Ручеек информации постепенно иссяк, заглох родник — офицеры сотнями подавали рапорта на увольнение, перебирались ближе к центру, чтобы хоть как–то поддержать живучесть семей.
Каково было на все это смотреть морякам, сохранившим совесть и ответственность за судьбу Отчизны? Вот и уходили они один за другим, находя успокоение на погостах, разбросанных по всей России–матушке.
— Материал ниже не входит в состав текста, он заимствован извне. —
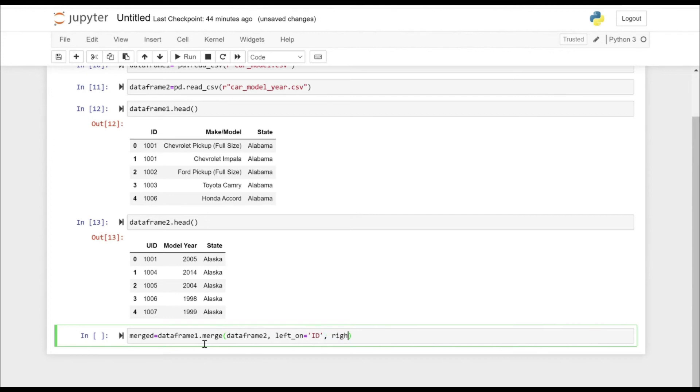The right column, let's take the UID. And let's specify the how argument as outer.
* * *Стояла предутренняя тишина, в окна затекал серый свет, он заполнял углы, и, увязая в нем, я почувствовал, как дом–корабль отошел от причала. Где–то внизу, на дне, мелькнуло Новодевичье кладбище, а слева и справа потекли знакомые места: серые проплешины скал с зелеными нашлепками мха, березы, изуродованные ветрами. В голове, будто лаг, отстукивал знакомые названия: мыс Еретик, остров Зеленый, мыс Толстик. Сигнальщик голосом Ивана Белобородько доложил: «Товарищ командир, пост СНиС не отвечает». — «Спят, бродяги!» — засмеялся Левон Горгинян. Я опустил бинокль и скомандовал: «По местам стоять, к погружению!»